VRシステムを活用することで、生徒は視覚的に学習内容を理解できるほか、本来観察することが難しい部分を詳しく分解して観察でき、こうした能動的な操作が生徒の学習効果を促進させると期待されています。
zSpace:https://jp.zspace.com/
参照記事:https://www.watch.impress.co.jp/vr/news/1099272.html
活用例4:STEM系コンテンツ(実験など)
アメリカでは特に政府が進めているSTEM教育(※)との相性の良さもあり、VRを用いたヴァーチャル実験室など様々なVR教育コンテンツの開発が進んでいます。
(※)
STEMとはScience(科学)、Technology(技術)、Engineering(工学)、Mathematics(数学)のそれぞれの単語の頭文字をとったもで、科学と数学を土台として展開する科学技術人材育成を行おうというアメリカの教育方針のことです。
Labster VR
LabsterVRはGoogleと科学関連の教育を扱う企業であるLabsterによって開発されたアプリケーションで、30種類以上ものVR実験室を利用できます。学生は24時間いつでもこの実験室にアクセスでき、専門分野に応じ実験用設備が用意されており、実際の実験室で行う作業がこのアプリのVR空間内で可能になっています。

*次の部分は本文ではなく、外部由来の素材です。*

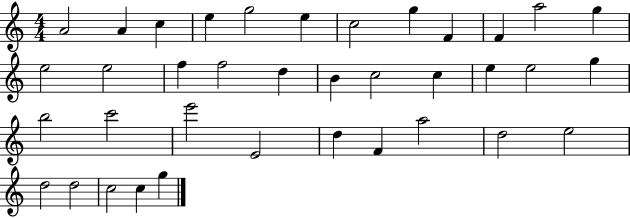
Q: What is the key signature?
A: C major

実験室は専門的な設備が必要で多額のコストがかかってしまい、そのような問題を解決する手段としてVRが活躍しています。
VRを使うことで実験室を利用する人数や、場所、時間の制約も無くなり、できるだけ多くの学生に時間を気にすることなく利用してもらうことが可能になり、さらに、分子レベルで現象を観察できたりと現実世界では不可能な体験までできるので、より直感的に学生の理解を深めることに繋がります。
LabsterVRはアリゾナ州立大学の生物学の学士プログラムなどに採用されるなど、現在北米地域を中心にすでに実用化も進んでおり、今後は世界的な普及を目指して行くそうです。

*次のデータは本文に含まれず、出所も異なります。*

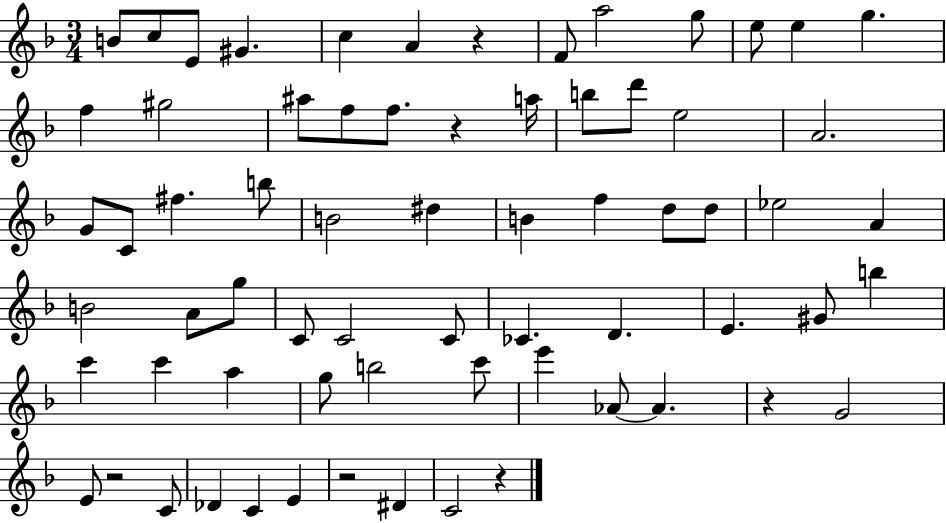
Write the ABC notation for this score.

X:1
T:Untitled
M:3/4
L:1/4
K:F
B/2 c/2 E/2 ^G c A z F/2 a2 g/2 e/2 e g f ^g2 ^a/2 f/2 f/2 z a/4 b/2 d'/2 e2 A2 G/2 C/2 ^f b/2 B2 ^d B f d/2 d/2 _e2 A B2 A/2 g/2 C/2 C2 C/2 _C D E ^G/2 b c' c' a g/2 b2 c'/2 e' _A/2 _A z G2 E/2 z2 C/2 _D C E z2 ^D C2 z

Labster VR: https://www.labster.com/vr/
活用例5:実習系教育コンテンツ
大学では、医学や建築分野などの内容を実践的に学べるコンテンツとしてVRが多く利用されています。
The Stanford Virtual Heart(スタンフォード大学)
The Stanford Virtual Heartはスタンフォード大学で開発された心臓について学ぶ学生や医者と患者とのコミュニケーションをより簡潔にするためのVRコンテンツです。

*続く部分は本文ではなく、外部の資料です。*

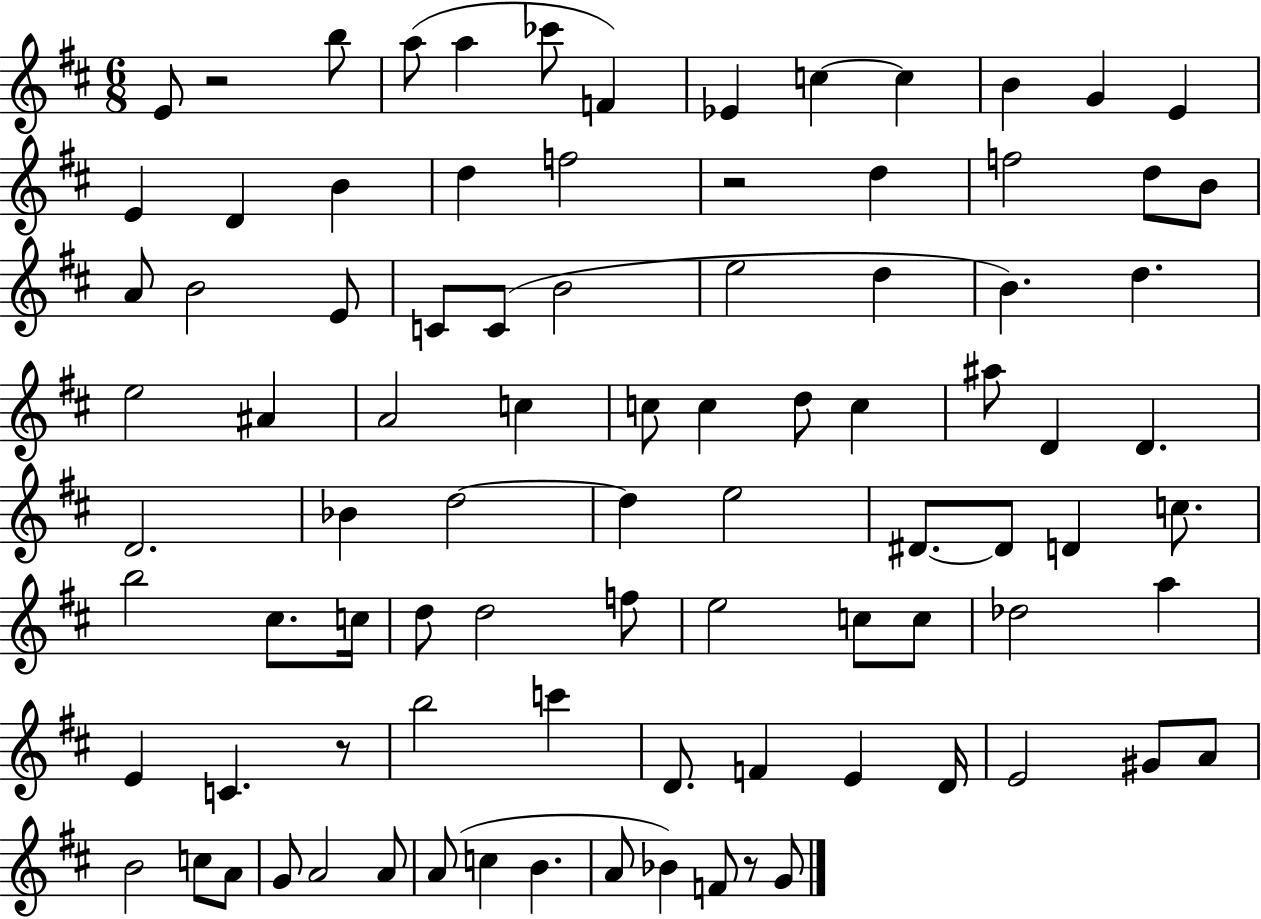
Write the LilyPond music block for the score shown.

心臓をVRにより3D映像化し、様々な向きから観察したり、部位ごとに分けて見たりと心臓の細かな部位、構造まで詳しく見ることができます。
このコンテンツを利用することで、学生はより深く心臓について学ぶことができ、医者もより正確に、わかりやすく病状の説明を患者にすることが可能になりました。
The Stanford Virtual Heart:https://www.stanfordchildrens.org/en/innovation/virtual-reality/stanford-virtual-heart
教育分野でのVR活用に近い事例として、研修分野での活用事例もこちらの記事で紹介しているので、ぜひご覧ください。
参考URL:https://xrbizmag.com/archives/261
まとめ
このように、教育分野でも様々な形でVRが活用されており、多くの効果をもたらしています。
どの事例の場合もVRを用いることで、一方的に教えられていた内容が体験として学習され、より視覚的でリッチな記憶として定着することができます。また、能動的な学習姿勢になることで、より高い学習効果を得ることができるという大きなメリットが存在します。
デメリットの初期費用コストの高さは、デバイスの進化により解決されていくと予想されるため、今後より教育分野でのVR活用が加速化していきそうです。